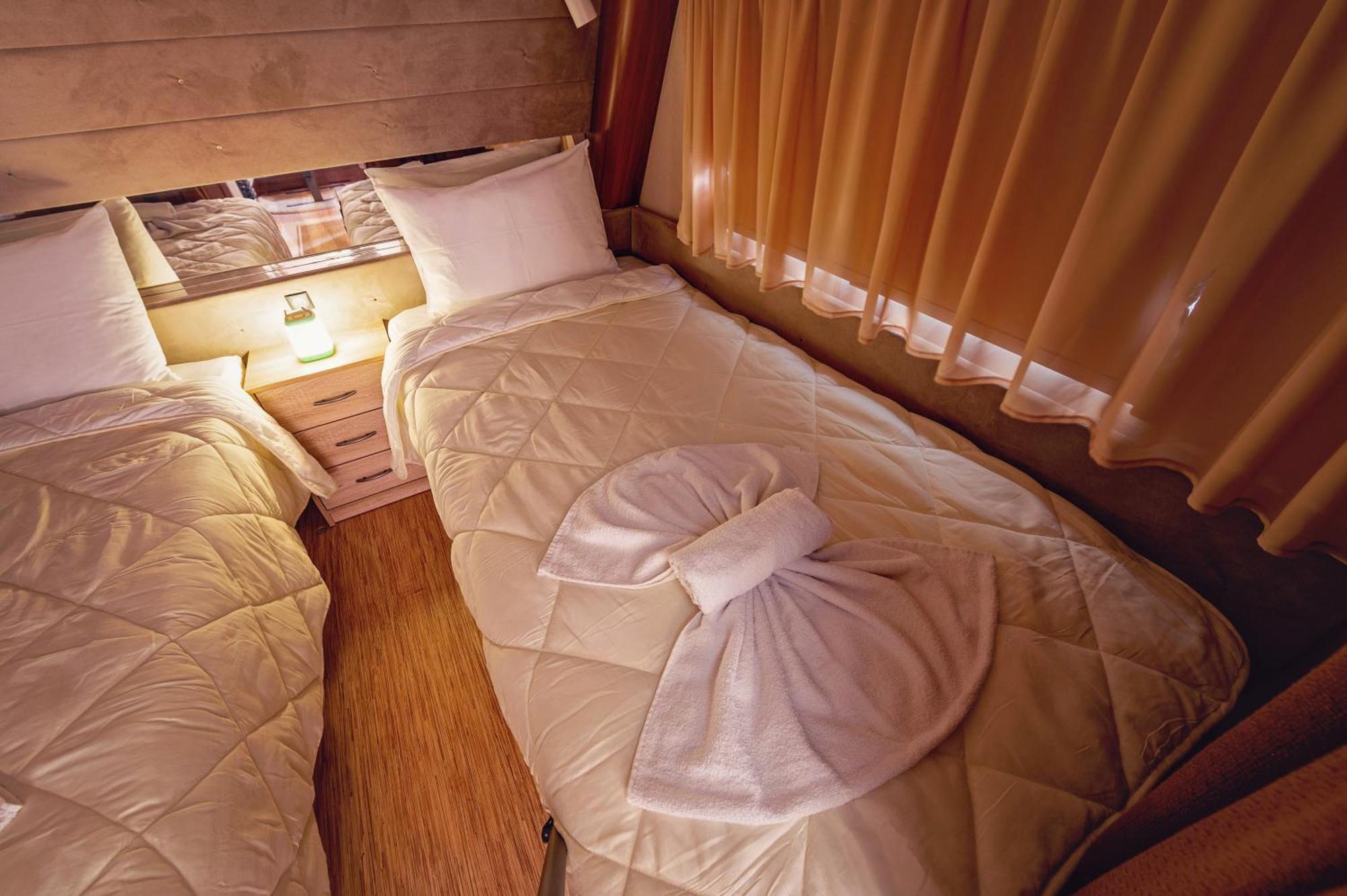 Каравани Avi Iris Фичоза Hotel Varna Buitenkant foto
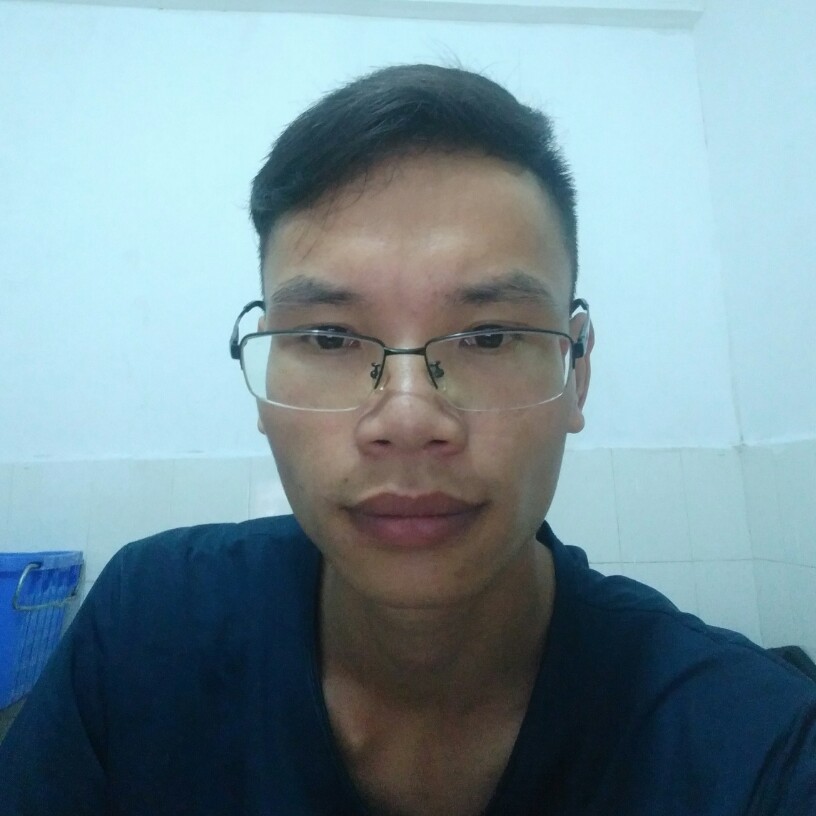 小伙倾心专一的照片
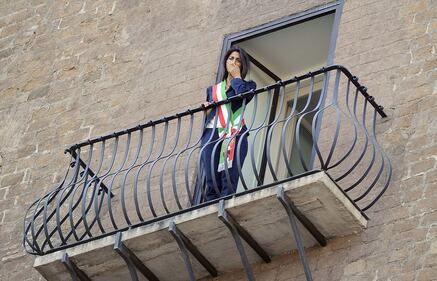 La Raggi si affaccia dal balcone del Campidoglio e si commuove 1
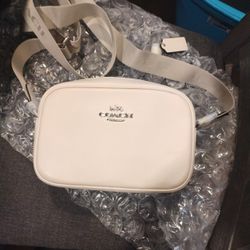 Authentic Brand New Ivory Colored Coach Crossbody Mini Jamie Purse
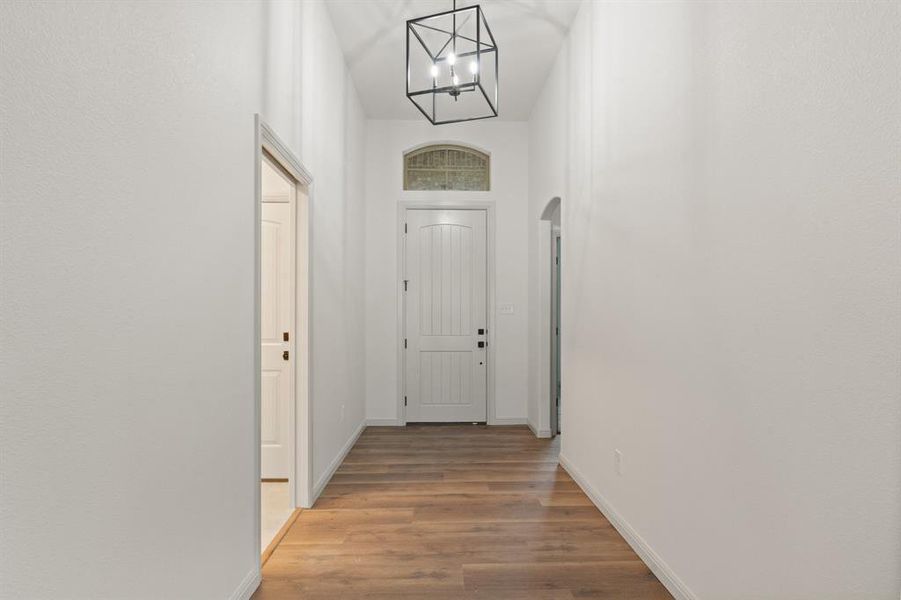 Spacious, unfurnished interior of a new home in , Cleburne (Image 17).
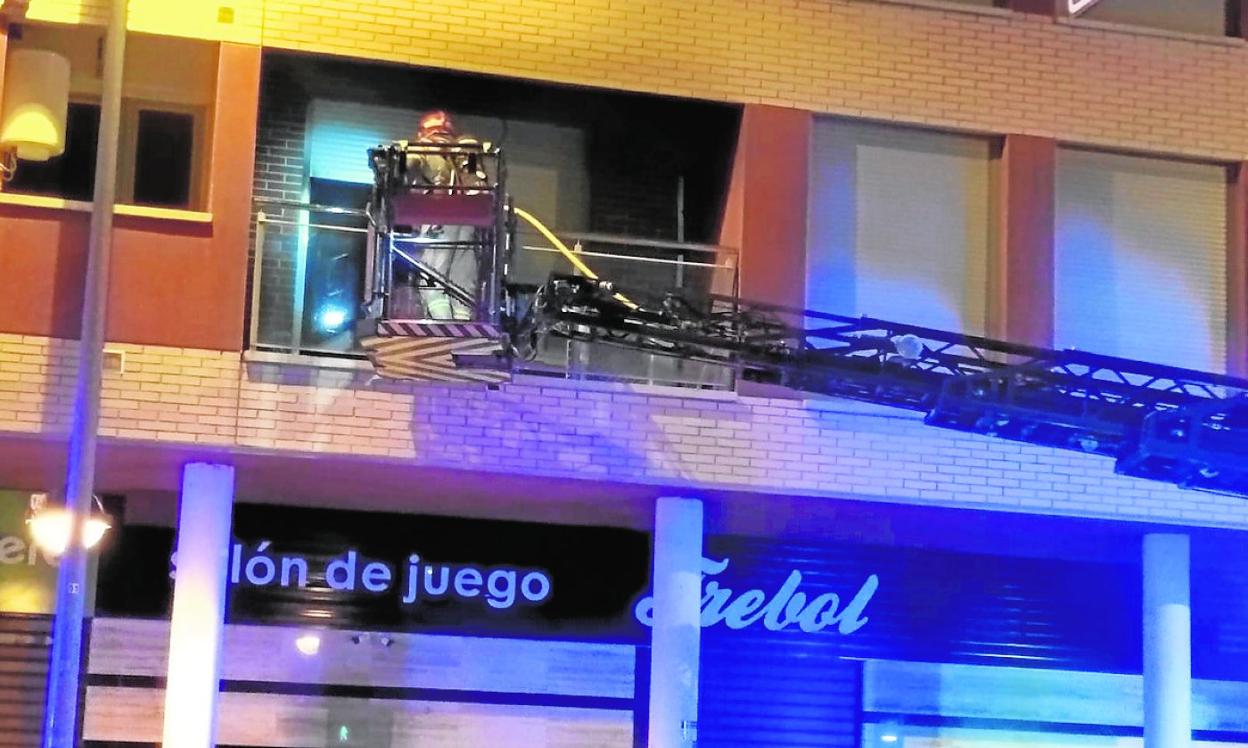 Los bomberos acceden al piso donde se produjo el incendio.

········

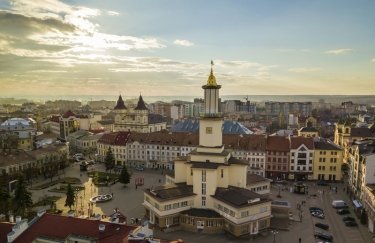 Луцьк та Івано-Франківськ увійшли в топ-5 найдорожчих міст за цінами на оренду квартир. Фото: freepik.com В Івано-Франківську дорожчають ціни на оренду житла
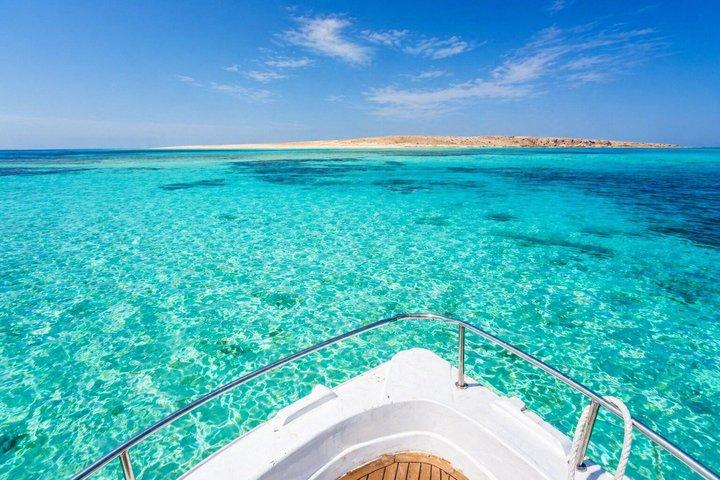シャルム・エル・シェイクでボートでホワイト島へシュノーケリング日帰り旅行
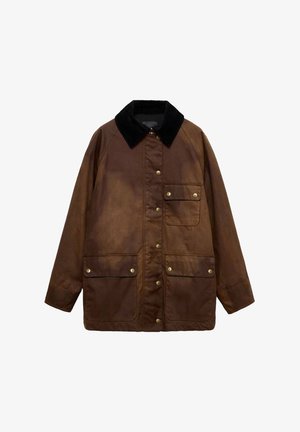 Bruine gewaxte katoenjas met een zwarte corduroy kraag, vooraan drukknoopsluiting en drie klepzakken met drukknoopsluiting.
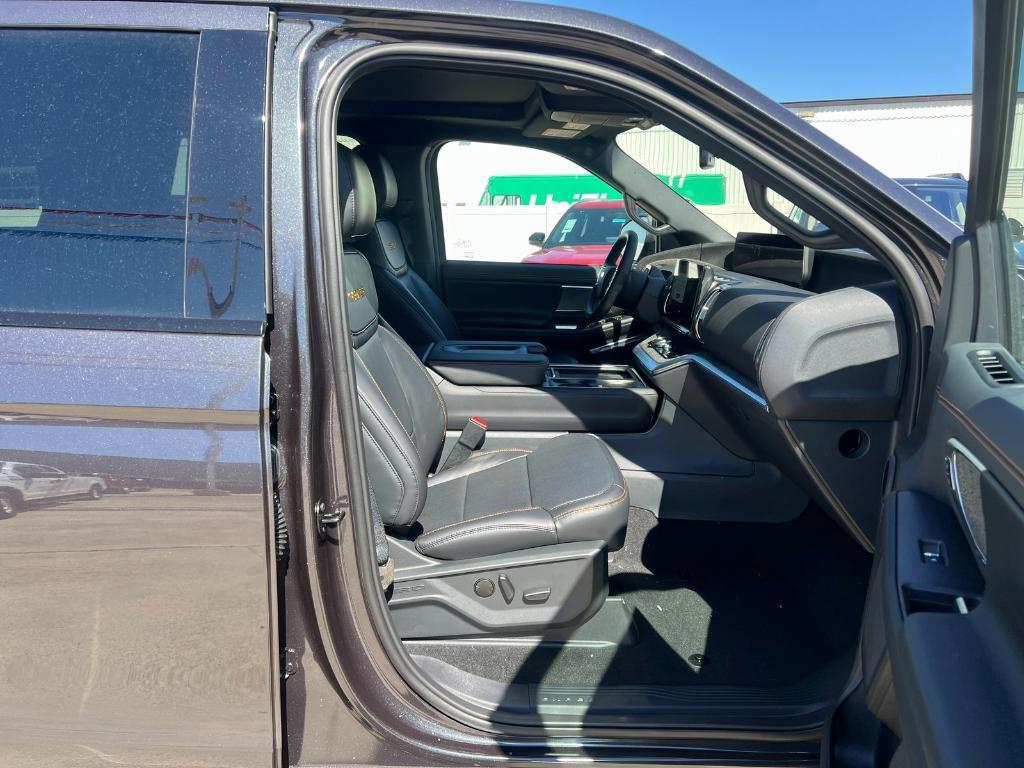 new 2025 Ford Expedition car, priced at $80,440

········

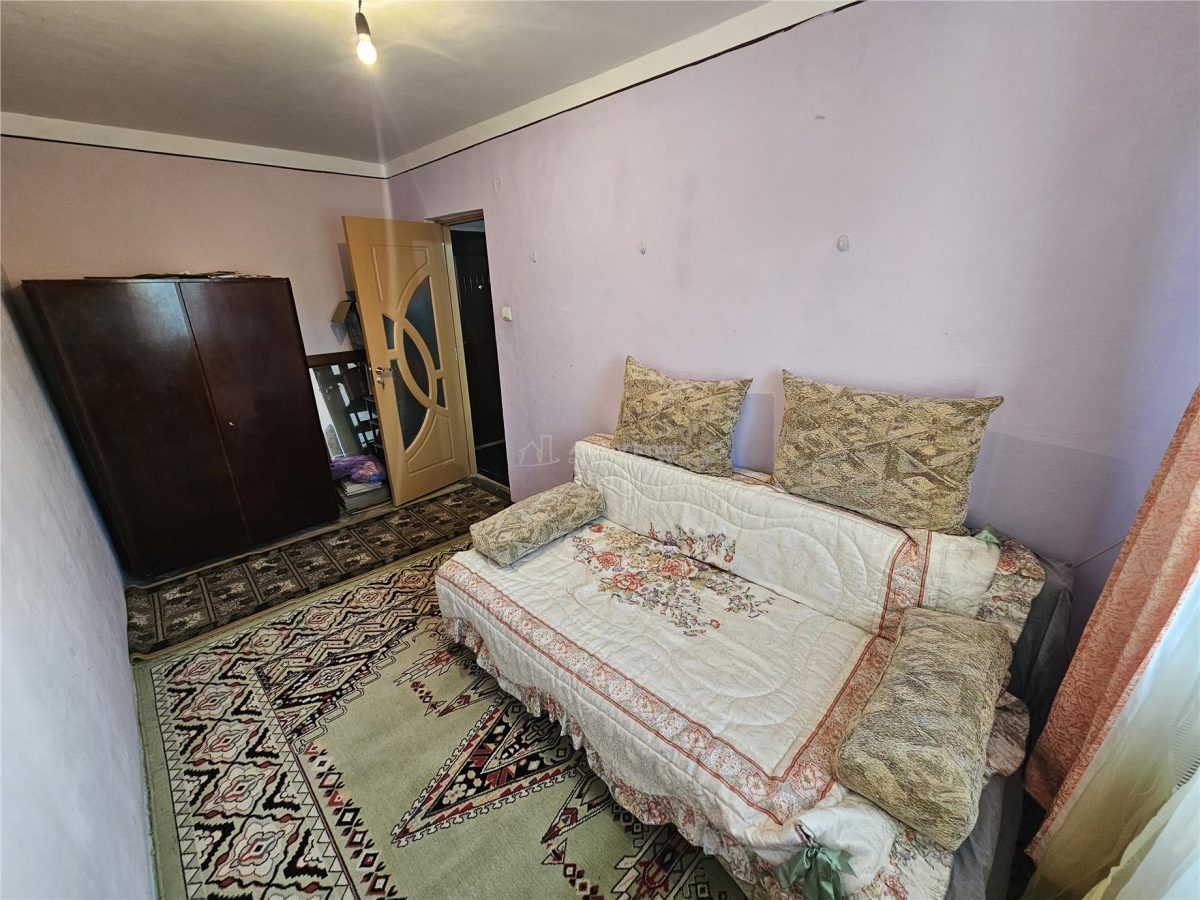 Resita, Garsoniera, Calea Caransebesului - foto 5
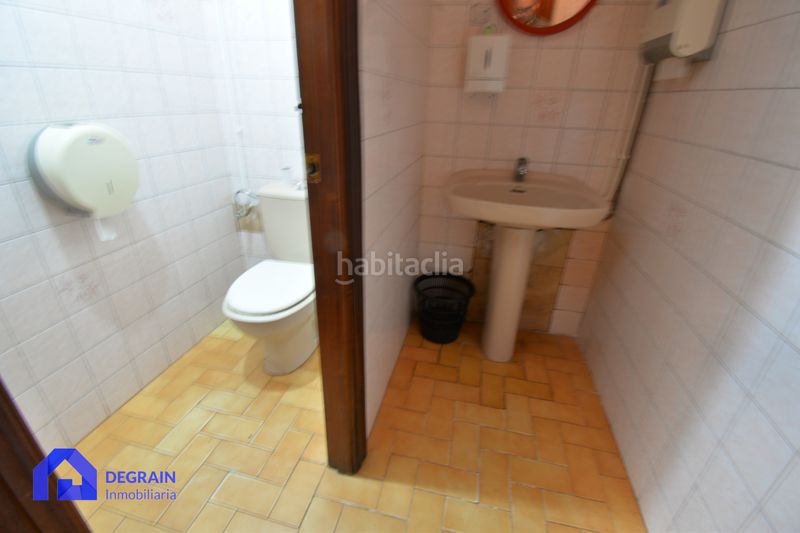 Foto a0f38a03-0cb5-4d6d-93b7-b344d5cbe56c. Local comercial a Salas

········

**TASK STATEMENT**
What is needed is an exact copy of the lines above, from the one holding "Каравани Avi Iris" down to the one holding "Spacious, unfurnished interior", with those two included and the pictures left out.

**ANSWER BOX**
 Каравани Avi Iris Фичоза Hotel Varna Buitenkant foto
 小伙倾心专一的照片
 La Raggi si affaccia dal balcone del Campidoglio e si commuove 1
 Authentic Brand New Ivory Colored Coach Crossbody Mini Jamie Purse
 Spacious, unfurnished interior of a new home in , Cleburne (Image 17).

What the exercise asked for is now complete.